Manibela
- Abbreviation: SMMITT
- Formation: 2018; 8 years ago
- Members: 50,000 (2022)
- Chairman: Mar Valbuena

= Manibela =

Philippine public transport organization

The Samahang Manibela, Mananakay at Nagkaisang Terminal ng Transportasyon (Note: Previously known as Samahan ng Mga Malls Integrated Transport Terminal Federation) (SMMITT; lit. 'Federation of Drivers, Commuters, and United Transportation Terminals'), simply known as Manibela (lit. 'steering wheel') is a public transport organization in the Philippines. It claims to have 50,000 drivers and operators as members as of March 2022.

The group attempted to register as a partylist for the 2019 House of Representatives election, but was denied by the Commission on Elections (COMELEC).

Manibela has opposed the implementation of phaseout for traditional jeepneys under the Philippine government's Public Utility Vehicle Modernization Program. They initiated a nationwide transport strike in 2023 against the policy.

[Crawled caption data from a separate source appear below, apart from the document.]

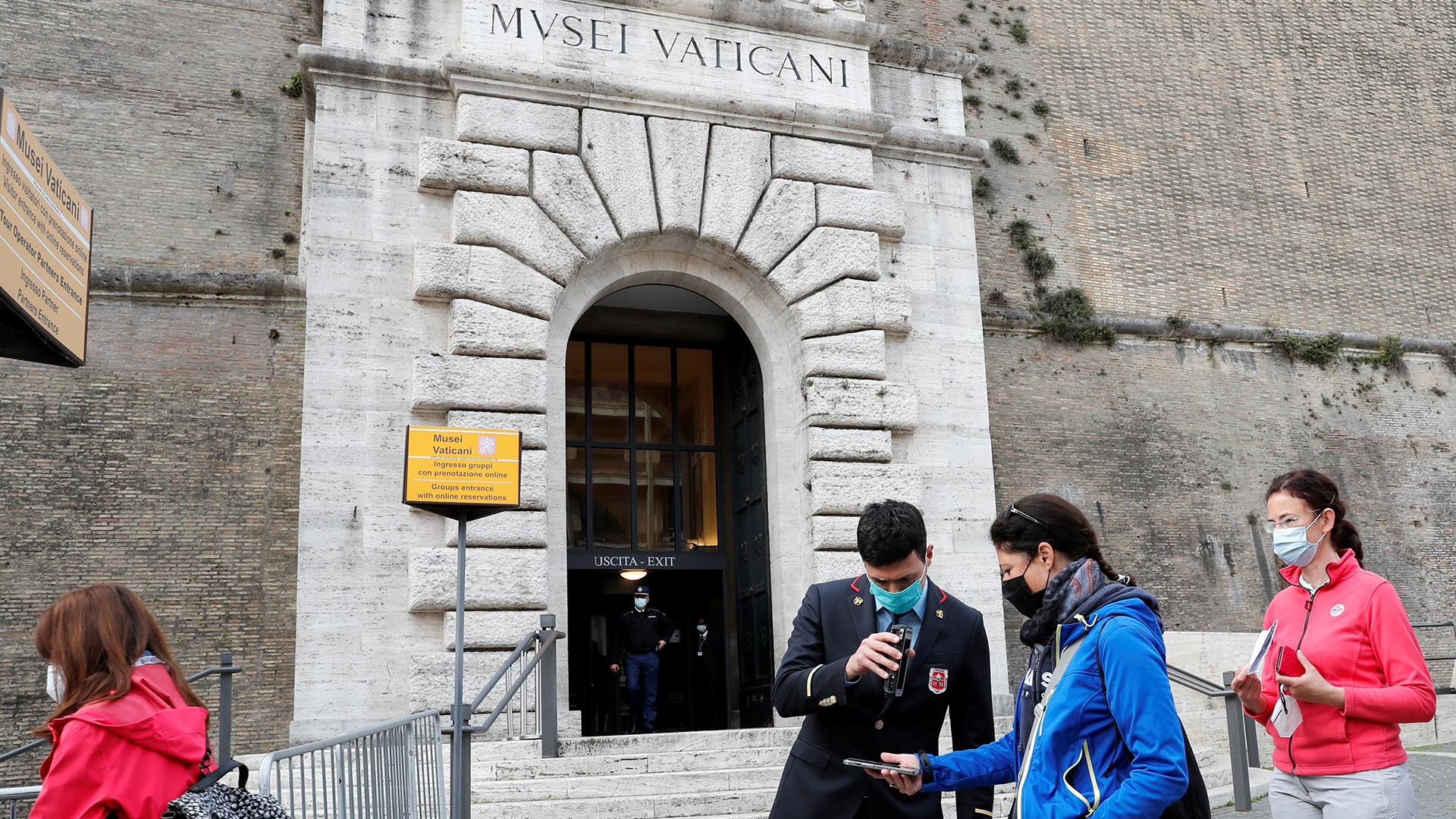 Menschen warten in einer Schlange vor dem Eingang der Vatikanischen Museen.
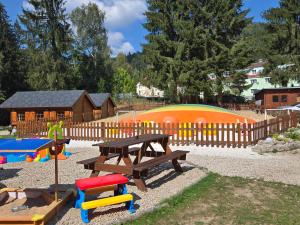 a playground with a picnic table and a wooden fence at Horská CHATA U ŠPIČÁKU in Josefuv dul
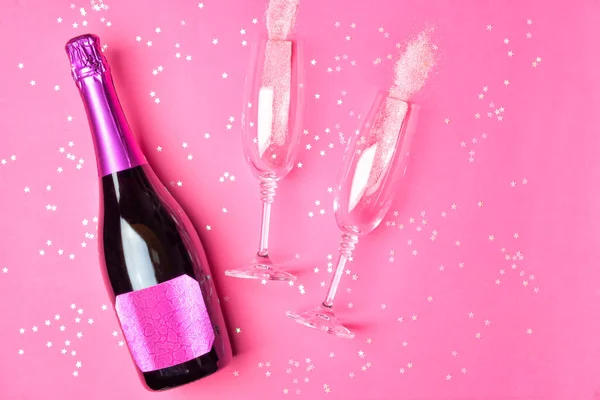 Bottle of tasty champagne and glasses on color background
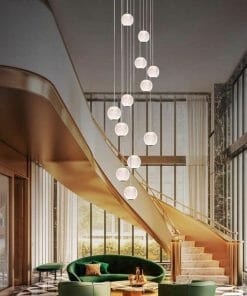 A modern lobby with a gold spiral staircase, green velvet seating, round coffee table, and Langton 15 cluster gold pendant lights, highlighted by floor-to-ceiling windows.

For the 2022 Philippine presidential election, they endorsed the campaign of Leni Robredo. They made a failed bid to participate in the 2022 House of Representatives election and to win a seat in the legislature as a partylist organization. Their candidacy failed to receive accreditation from the Commission on Elections.

Manibela joined PISTON in the 2024 Labor Day protest against the government’s Jeepney modernization program. Its chairman Mario "Mar" Valbuena Jr. filed his candidacy for senator in the 2025 election.

==Legal issue==
Pasig City Regional Trial Court Branch 158, Presiding Judge Manuel Gerard Tomacruz issued an arrest warrant dated April 23, 2024, against chairman Mar Valbuena with recommended bail of P10,000 each for 2 counts of cyber libel emanating Jaime Bautista's sworn complaint. Valbuena accused Bautista of corruption, which Bautista denied. The court ruling also dismissed a complaint of grave threats filed against Valbuena.